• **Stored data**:
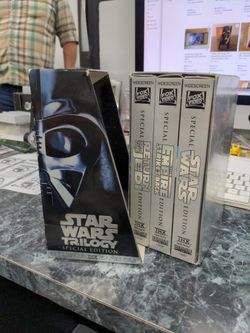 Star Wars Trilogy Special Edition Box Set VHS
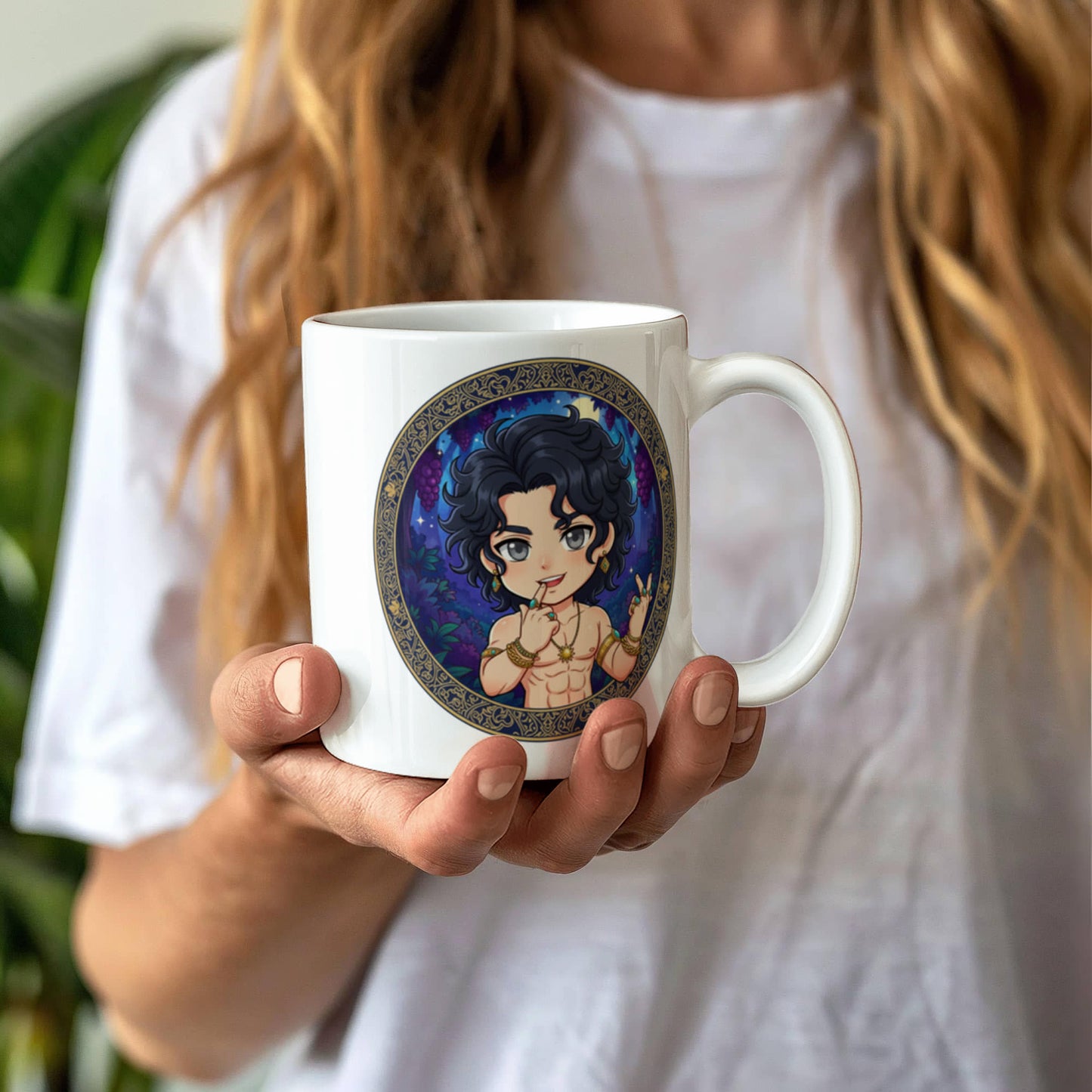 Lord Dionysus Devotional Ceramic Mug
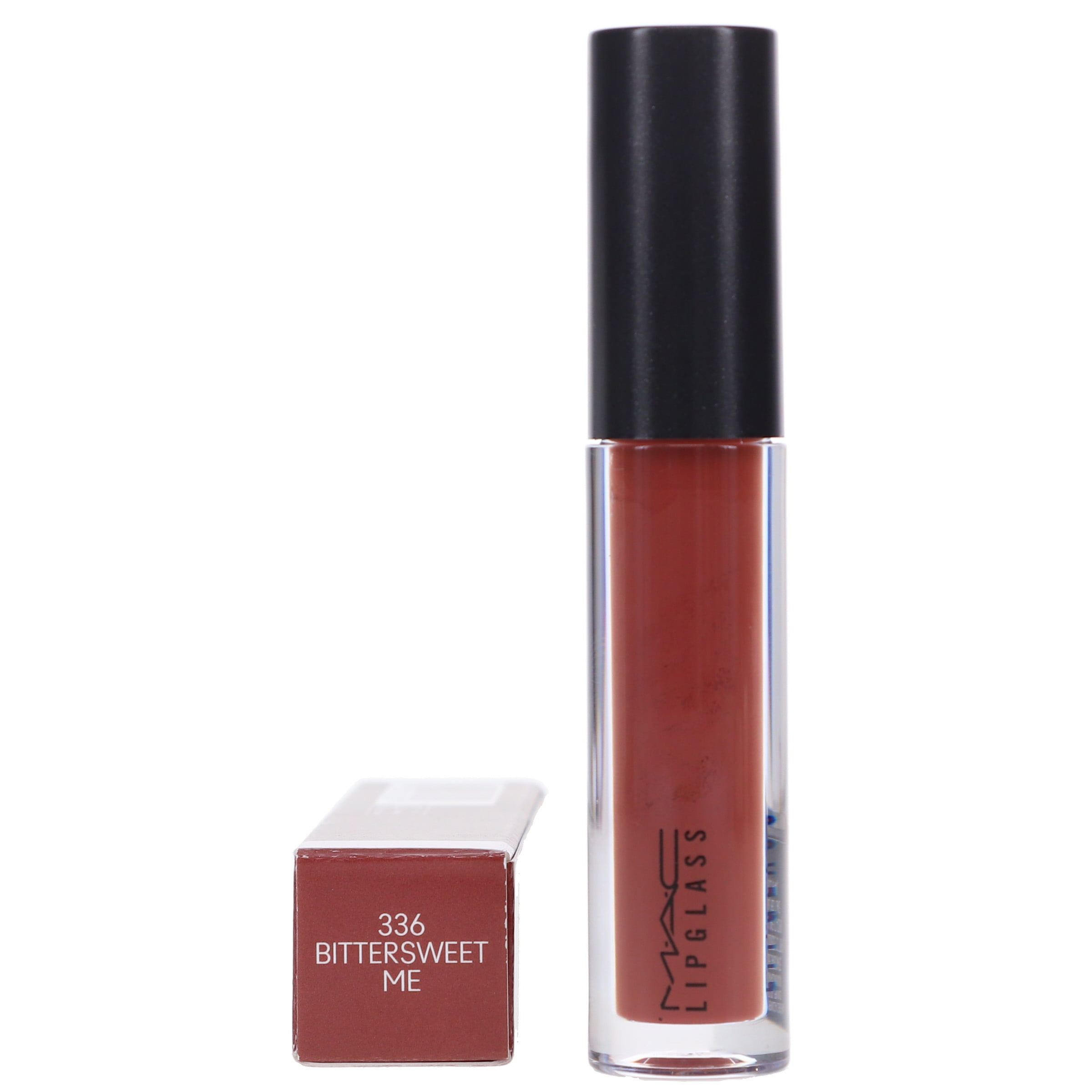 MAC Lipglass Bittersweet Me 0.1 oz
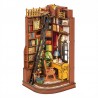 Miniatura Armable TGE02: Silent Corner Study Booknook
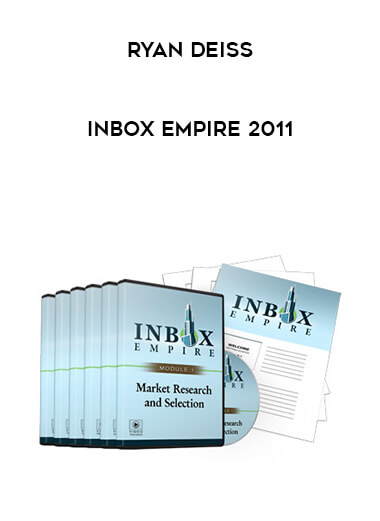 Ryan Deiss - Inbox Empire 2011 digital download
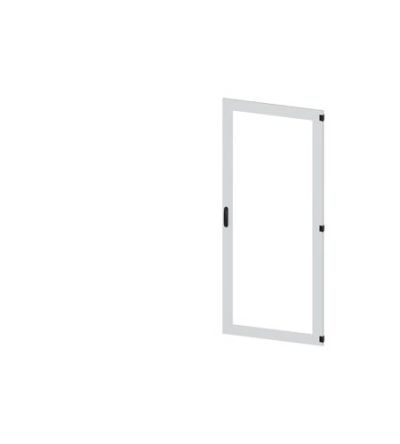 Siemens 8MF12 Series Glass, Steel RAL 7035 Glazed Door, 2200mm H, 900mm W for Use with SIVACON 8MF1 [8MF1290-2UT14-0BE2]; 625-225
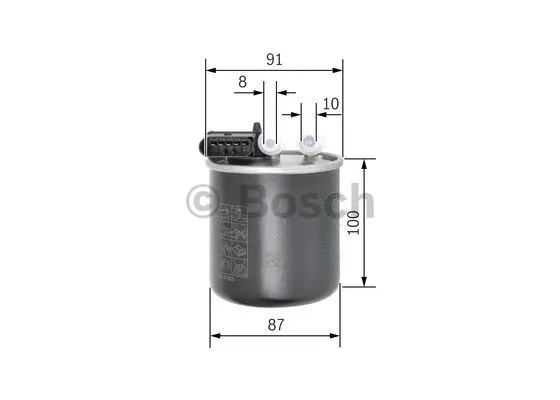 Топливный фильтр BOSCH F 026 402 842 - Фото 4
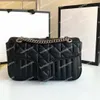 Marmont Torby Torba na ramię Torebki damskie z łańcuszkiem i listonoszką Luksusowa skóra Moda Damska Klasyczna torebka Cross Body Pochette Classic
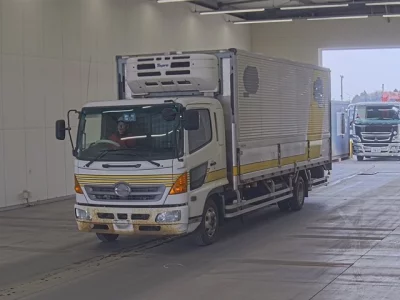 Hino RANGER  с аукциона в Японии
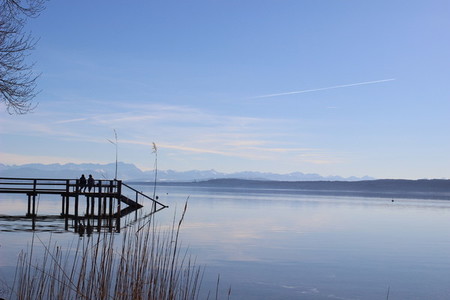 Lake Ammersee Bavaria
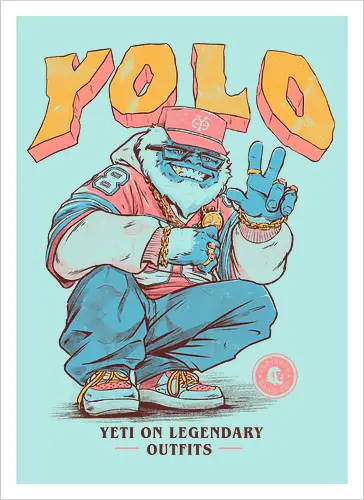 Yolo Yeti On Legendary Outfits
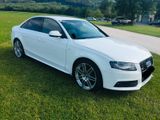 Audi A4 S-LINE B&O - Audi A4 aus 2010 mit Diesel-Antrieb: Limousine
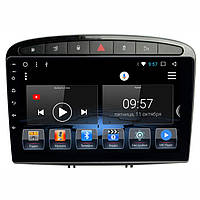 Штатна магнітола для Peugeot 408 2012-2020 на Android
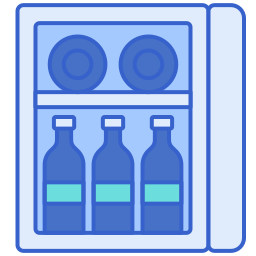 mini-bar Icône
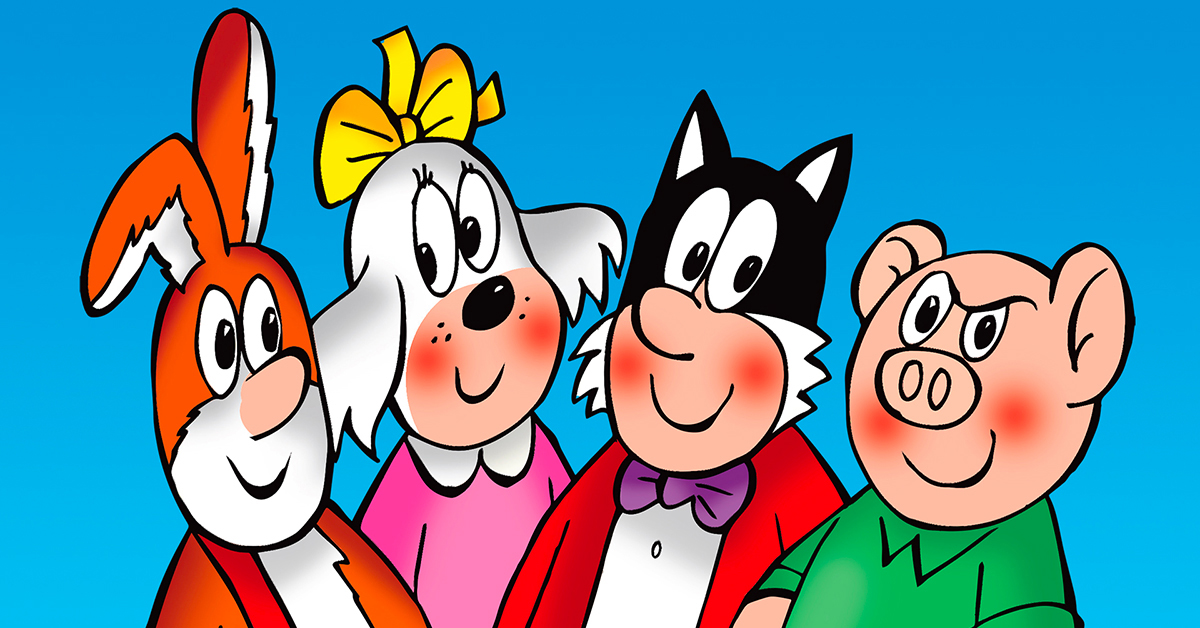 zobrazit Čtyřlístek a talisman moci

• **EXERCISE REQUIREMENTS**:
Omit the pictures, then output every record exactly as given.

• **EXERCISE ANSWER**:
 Star Wars Trilogy Special Edition Box Set VHS
 Lord Dionysus Devotional Ceramic Mug
 MAC Lipglass Bittersweet Me 0.1 oz
 Miniatura Armable TGE02: Silent Corner Study Booknook
 Ryan Deiss - Inbox Empire 2011 digital download
 Siemens 8MF12 Series Glass, Steel RAL 7035 Glazed Door, 2200mm H, 900mm W for Use with SIVACON 8MF1 [8MF1290-2UT14-0BE2]; 625-225
 Топливный фильтр BOSCH F 026 402 842 - Фото 4
 Marmont Torby Torba na ramię Torebki damskie z łańcuszkiem i listonoszką Luksusowa skóra Moda Damska Klasyczna torebka Cross Body Pochette Classic
 Hino RANGER  с аукциона в Японии
 Lake Ammersee Bavaria
 Yolo Yeti On Legendary Outfits
 Audi A4 S-LINE B&O - Audi A4 aus 2010 mit Diesel-Antrieb: Limousine
 Штатна магнітола для Peugeot 408 2012-2020 на Android
 mini-bar Icône
 zobrazit Čtyřlístek a talisman moci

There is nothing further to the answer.